The doctoral dissertations of the former Helsinki University of Technology (TKK) and Aalto University Schools of Technology (CHEM, ELEC, ENG, SCI) published in electronic format are available in the electronic publications archive of Aalto University - Aaltodoc.

Exploratory Source Separation in Biomedical Systems

Jaakko Särelä

Dissertation for the degree of Doctor of Science in Technology to be presented with due permission of the Department of Computer Science and Engineering for public examination and debate in Auditorium T2 at Helsinki University of Technology (Espoo, Finland) on the 29th of October, 2004, at 12 o'clock noon.

Overview in PDF format (ISBN 951-22-7343-8)   [7381 KB]
Dissertation is also available in print (ISBN 951-22-7342-X)

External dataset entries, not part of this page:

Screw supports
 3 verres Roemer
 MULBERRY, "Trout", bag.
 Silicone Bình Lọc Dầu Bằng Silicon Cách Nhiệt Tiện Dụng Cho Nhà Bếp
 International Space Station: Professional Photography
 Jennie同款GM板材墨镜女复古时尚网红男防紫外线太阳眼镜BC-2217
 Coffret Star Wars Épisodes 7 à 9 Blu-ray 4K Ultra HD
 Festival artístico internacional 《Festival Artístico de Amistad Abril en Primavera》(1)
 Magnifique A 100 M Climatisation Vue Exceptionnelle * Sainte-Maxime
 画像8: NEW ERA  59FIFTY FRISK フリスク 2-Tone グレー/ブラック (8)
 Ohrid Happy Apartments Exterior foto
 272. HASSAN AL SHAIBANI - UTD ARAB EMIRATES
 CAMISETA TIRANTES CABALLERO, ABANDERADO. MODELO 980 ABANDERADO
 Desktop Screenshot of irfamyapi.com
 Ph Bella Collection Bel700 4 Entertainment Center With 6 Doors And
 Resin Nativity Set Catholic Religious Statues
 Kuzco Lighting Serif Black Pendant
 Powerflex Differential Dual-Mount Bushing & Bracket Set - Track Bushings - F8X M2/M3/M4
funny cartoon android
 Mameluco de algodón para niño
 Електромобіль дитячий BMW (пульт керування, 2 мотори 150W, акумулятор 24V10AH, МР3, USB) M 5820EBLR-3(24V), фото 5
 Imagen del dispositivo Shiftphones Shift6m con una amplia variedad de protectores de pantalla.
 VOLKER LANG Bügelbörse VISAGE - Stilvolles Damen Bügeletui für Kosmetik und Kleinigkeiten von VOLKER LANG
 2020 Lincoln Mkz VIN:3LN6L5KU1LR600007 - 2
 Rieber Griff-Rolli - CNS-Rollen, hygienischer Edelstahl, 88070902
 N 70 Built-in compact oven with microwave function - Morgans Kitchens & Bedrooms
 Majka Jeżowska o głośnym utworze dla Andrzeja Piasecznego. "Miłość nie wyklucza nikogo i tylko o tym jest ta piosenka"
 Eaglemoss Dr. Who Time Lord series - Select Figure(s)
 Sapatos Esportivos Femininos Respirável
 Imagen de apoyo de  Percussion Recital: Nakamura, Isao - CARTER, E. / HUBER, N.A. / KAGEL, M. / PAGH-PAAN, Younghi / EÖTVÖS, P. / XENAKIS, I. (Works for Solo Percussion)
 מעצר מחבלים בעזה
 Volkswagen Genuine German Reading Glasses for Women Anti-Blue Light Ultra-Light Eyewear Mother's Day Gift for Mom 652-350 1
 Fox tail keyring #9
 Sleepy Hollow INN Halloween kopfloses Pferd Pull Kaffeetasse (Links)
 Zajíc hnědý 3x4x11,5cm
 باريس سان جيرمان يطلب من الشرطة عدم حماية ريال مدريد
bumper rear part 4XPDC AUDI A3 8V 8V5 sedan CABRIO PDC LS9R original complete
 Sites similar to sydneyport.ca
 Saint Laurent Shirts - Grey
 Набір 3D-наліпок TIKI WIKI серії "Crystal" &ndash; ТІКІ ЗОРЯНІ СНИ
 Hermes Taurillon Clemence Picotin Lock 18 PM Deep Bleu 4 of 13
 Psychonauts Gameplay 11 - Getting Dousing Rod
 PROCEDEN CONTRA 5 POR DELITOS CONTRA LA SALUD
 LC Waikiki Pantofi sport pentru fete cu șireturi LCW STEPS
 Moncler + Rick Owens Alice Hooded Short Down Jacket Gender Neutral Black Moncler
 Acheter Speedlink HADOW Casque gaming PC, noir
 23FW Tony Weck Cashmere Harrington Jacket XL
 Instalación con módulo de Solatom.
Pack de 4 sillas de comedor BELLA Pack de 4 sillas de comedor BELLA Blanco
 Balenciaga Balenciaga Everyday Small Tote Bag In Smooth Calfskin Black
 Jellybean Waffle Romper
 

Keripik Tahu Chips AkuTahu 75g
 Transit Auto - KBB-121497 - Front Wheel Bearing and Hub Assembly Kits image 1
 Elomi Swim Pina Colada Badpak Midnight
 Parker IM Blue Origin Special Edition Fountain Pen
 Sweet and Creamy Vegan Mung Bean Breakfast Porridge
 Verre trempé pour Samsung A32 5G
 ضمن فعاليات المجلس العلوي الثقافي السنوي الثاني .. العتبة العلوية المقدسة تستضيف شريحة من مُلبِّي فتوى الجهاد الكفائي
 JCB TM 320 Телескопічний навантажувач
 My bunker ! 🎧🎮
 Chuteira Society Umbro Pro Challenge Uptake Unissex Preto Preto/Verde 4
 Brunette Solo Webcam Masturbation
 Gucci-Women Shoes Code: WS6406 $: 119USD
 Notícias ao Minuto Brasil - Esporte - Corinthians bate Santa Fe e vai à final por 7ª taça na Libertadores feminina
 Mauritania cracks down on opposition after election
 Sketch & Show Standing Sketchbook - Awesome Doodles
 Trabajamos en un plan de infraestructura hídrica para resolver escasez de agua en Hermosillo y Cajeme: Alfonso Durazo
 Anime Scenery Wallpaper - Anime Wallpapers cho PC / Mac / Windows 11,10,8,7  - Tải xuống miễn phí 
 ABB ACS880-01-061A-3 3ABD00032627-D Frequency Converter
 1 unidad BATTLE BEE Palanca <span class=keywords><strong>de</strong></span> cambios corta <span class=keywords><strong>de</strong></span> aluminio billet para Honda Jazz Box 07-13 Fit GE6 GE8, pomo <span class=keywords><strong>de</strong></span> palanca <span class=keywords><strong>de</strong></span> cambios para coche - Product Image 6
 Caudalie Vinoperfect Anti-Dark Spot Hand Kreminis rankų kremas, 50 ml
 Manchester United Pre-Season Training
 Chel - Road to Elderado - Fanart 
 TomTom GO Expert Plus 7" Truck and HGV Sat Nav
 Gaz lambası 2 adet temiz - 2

Contemporary science produces vast amounts of data. The analysis of this data is in a central role for all empirical sciences as well as humanities and arts using quantitative methods. One central role of an information scientist is to provide this research with sophisticated, computationally tractable data analysis tools.

When the information scientist confronts a new target field of research producing data for her to analyse, she has two options: She may make some specific hypotheses, or guesses, on the contents of the data, and test these using statistical analysis. On the other hand, she may use general purpose statistical models to get a better insight into the data before making detailed hypotheses.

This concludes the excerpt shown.